Emsal Mahkeme Kararı İstanbul Bölge Adliye Mahkemesi 14. Hukuk Dairesi 2020/1451 E. 2020/1263 K. 19.11.2020 T.

Görüntülediğiniz mahkeme kararı kesinleşmiş bir karardır.

T.C.
İSTANBUL
BÖLGE ADLİYE MAHKEMESİ
14. HUKUK DAİRESİ
DOSYA NO: 2020/1451
KARAR NO: 2020/1263
T Ü R K M İ L L E T İ A D I N A
İ S T İ N A F K A R A R I
İNCELENEN DOSYANIN
MAHKEMESİ: İstanbul Anadolu 10. Asliye Ticaret Mahkemesi
NUMARASI: 2018/442 Esas – 2020/85 Karar
TARİHİ: 04/02/2020
DAVA: İtirazın İptali
Taraflar arasında görülen itirazın iptali davasının yapılan yargılaması sonunda ilamda yazılı nedenlerden dolayı davanın dava şartı yokluğu nedeniyle usulden reddine yönelik verilen karara karşı davacı vekil tarafından istinaf kanun yoluna başvurulması üzerine dosya içerisindeki tüm belgeler okunup, incelendi, gereği konuşulup düşünüldü.

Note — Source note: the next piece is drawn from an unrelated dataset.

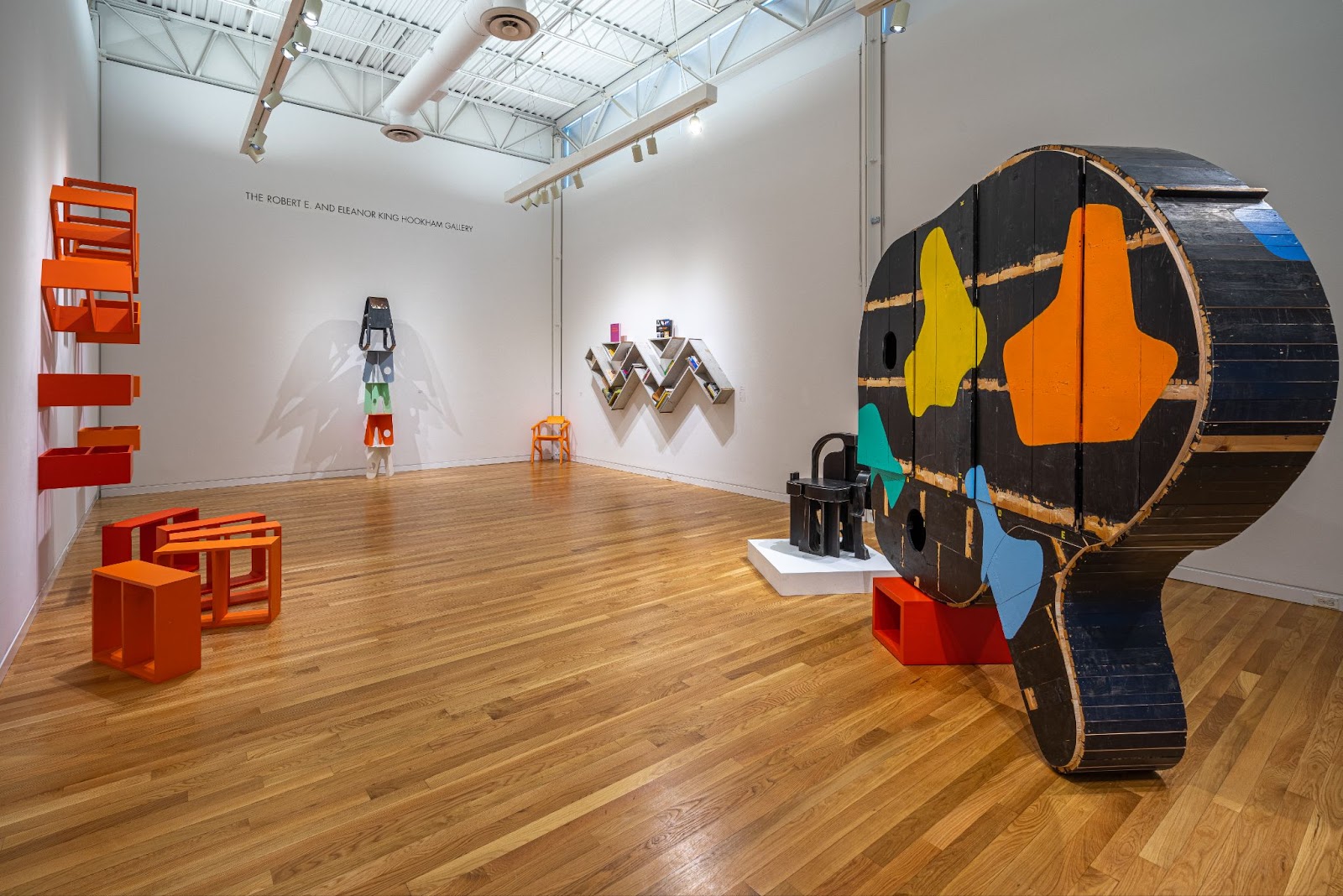 Image: Installation view of A Love Supreme. On the left side of the image, orange wooden boxes are placed on the ground and attached to the wall. On the right side, a large black wooden object is painted with colorful splotches. Two more pieces are mounted on the back walls of the exhibition space. Photograph by Siegfried Mueller, courtesy of the Elmhurst Art Museum. 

TARAFLARIN İDDİA VE SAVUNMALARININ ÖZETİ Davacı vekili dava dilekçesinde; takibin yetkili icra dairesinde başlatıldığını, davalı borçlunun müvekkili Bankaya olan genel kredi sözleşmesinden doğan borçlarını ödemediğini, kredi borçlarının ödenmesi talebiyle Gebze … Noterliği’nin 12/09/2018 tarihli ihtarname çekildiğini, borcun ödenmediğini bunun üzerine, İstanbul Anadolu … İcra Müd.nün … E. Sayılı dosyası ile icra takibi başlatıldığını, ancak davalı vekilince; yetkiye, borca, faize, faiz oranına ve borcun tüm ferilerine itiraz edildiğini, itirazın haksız ve mesnetsiz olduğunu, davalıdan talep edilen temerrüt faizinin yasaya ve sözleşmeye uygun olduğunu, bu nedenle itirazın iptali ile takibin devamına, asıl alacaklara her bir kredi için takip talebinde belirtilen tarihler arasında ve takip talebindeki oranlar üzerinden akdi faiz ve temerrüt faizi işletilmelerine ve asıl alacaklar ile birlikte tahsillerine, davalı borçlu aleyhine %20’den aşağı olmamak üzere icra inkar tazminatına mahkum edilmesine, yargılama giderleri ve vekalet ücretinin davalı yana tahmiline karar verilmesini talep ve dava etmiştir.Dava dilekçesi ekli duruşma gün ve saatini bildiren davetiye davalıya tebliğ edilmiş davalı davaya cevap vermemiştir.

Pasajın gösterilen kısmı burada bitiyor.